─── COLLECTED MATERIAL

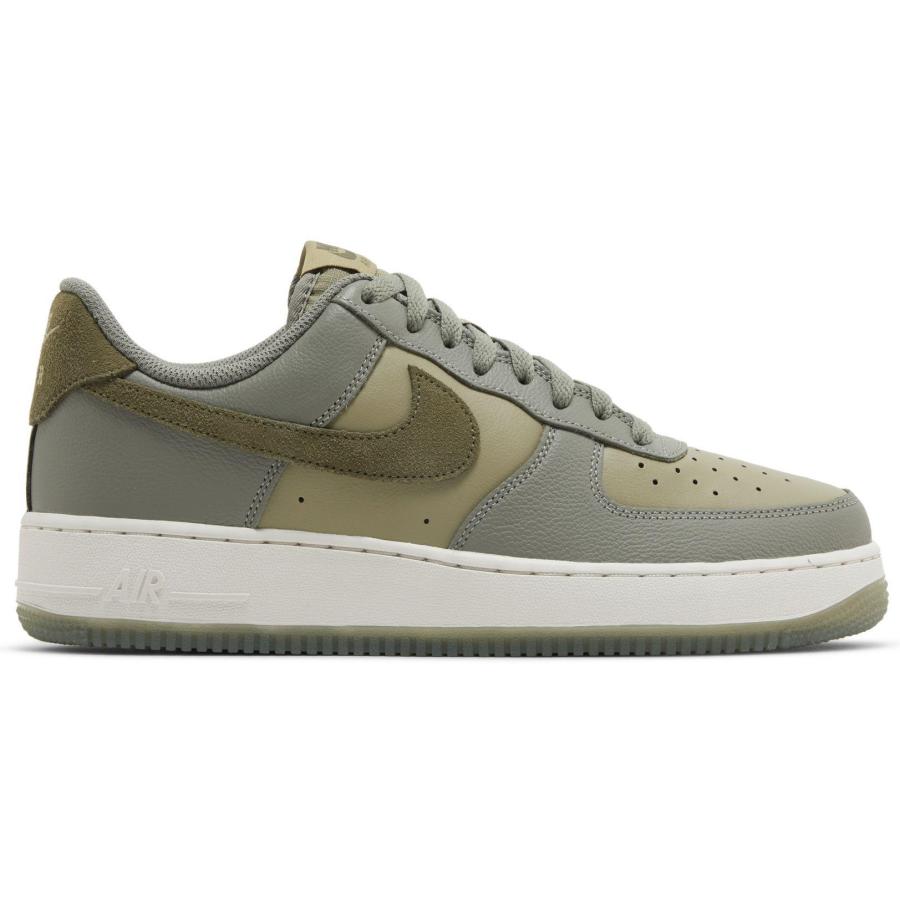 NIKE（ナイキ） FJ4170-002 Nike エアフォース 1 '07 LV8 'Dark Stucco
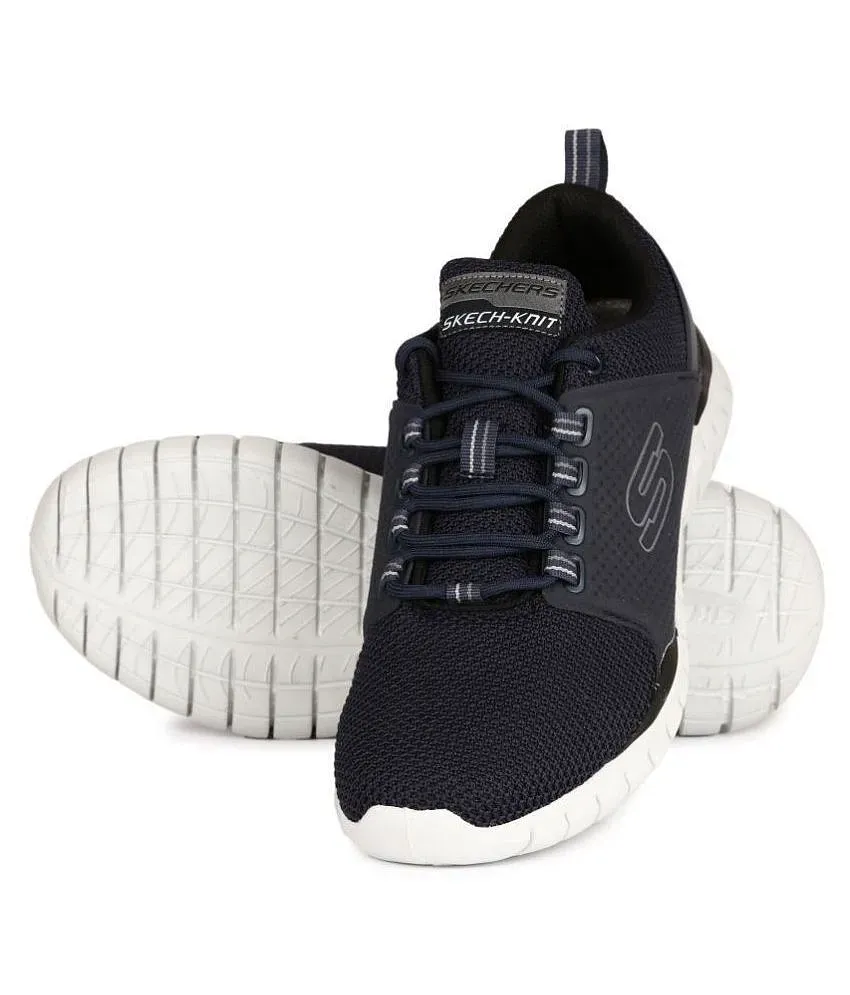 Skechers 52821 hotsell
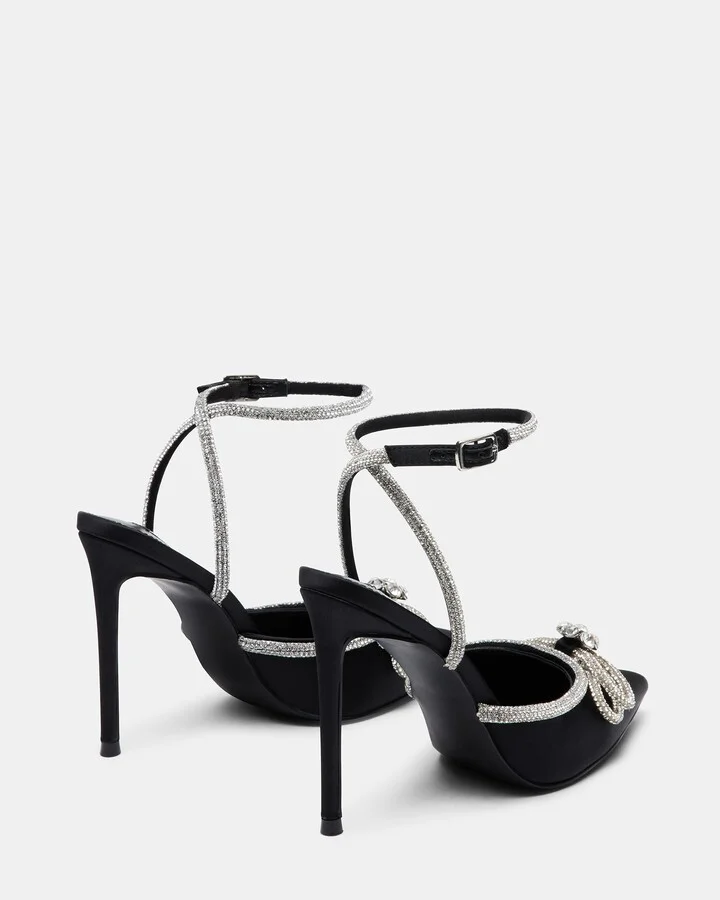 Viable Black - Image 6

──────

• **REQUIRED WORK**
Skip the images and write out the rest of the listing exactly.

• **FINISHED TASK**
 NIKE（ナイキ） FJ4170-002 Nike エアフォース 1 '07 LV8 'Dark Stucco
 Skechers 52821 hotsell
 Viable Black - Image 6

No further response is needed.